Dataset extract: Begin

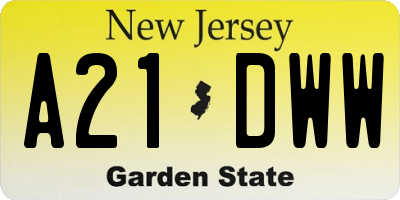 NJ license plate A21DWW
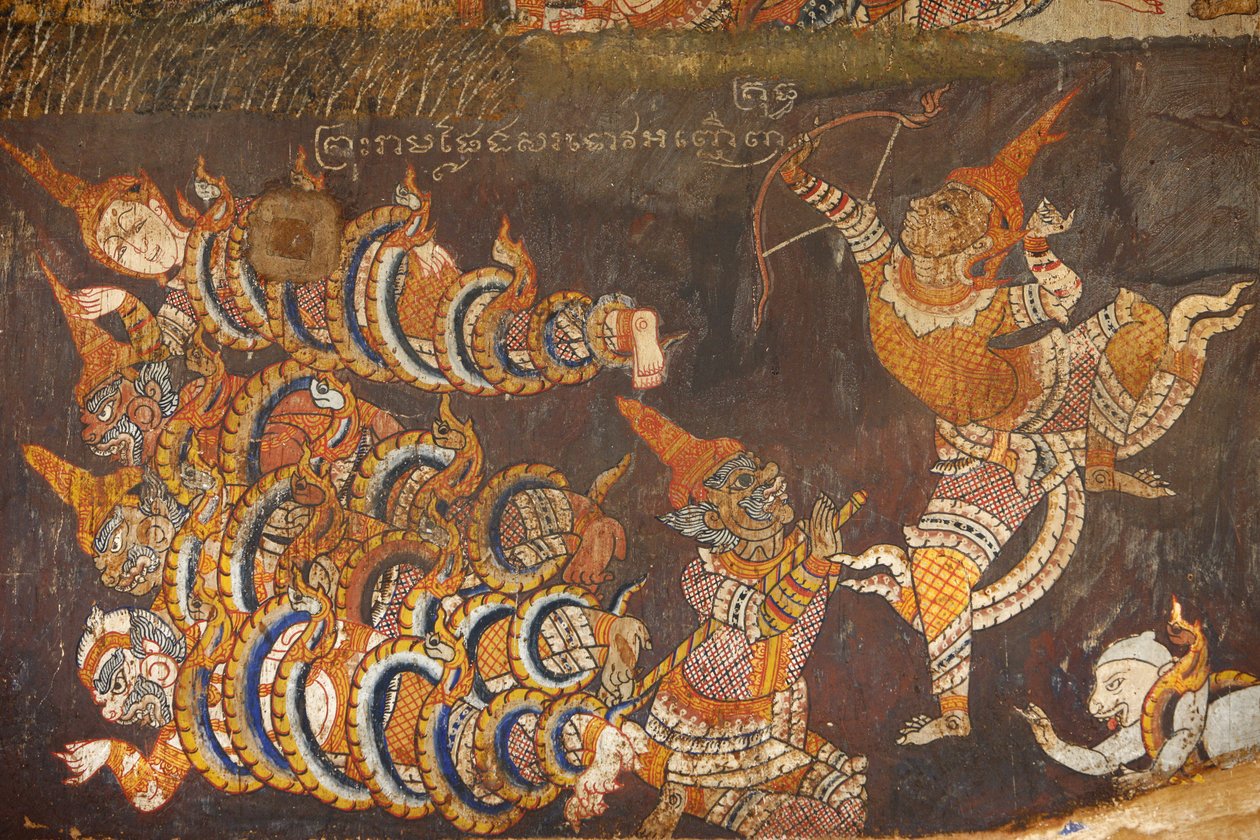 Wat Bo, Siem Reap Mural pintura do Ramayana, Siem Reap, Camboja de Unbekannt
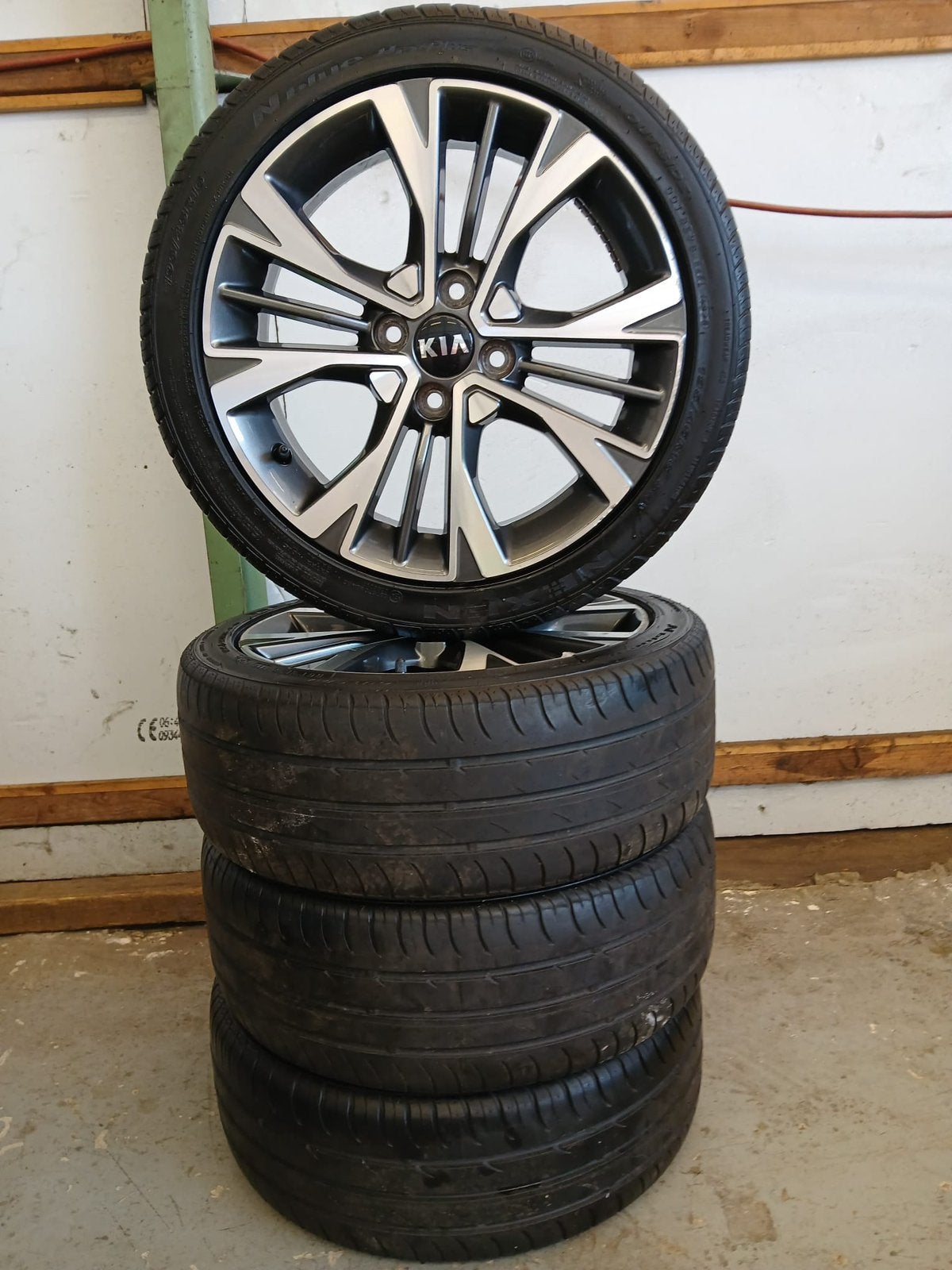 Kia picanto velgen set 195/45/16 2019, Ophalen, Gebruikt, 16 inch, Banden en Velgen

Dataset extract: End

- [Instructions to follow]
Now repeat exactly the lines from the one with "Wat Bo, Siem" through the end of the listing above, both included, omitting all pictures.

- [Answer to the exercise]
 Wat Bo, Siem Reap Mural pintura do Ramayana, Siem Reap, Camboja de Unbekannt
 Kia picanto velgen set 195/45/16 2019, Ophalen, Gebruikt, 16 inch, Banden en Velgen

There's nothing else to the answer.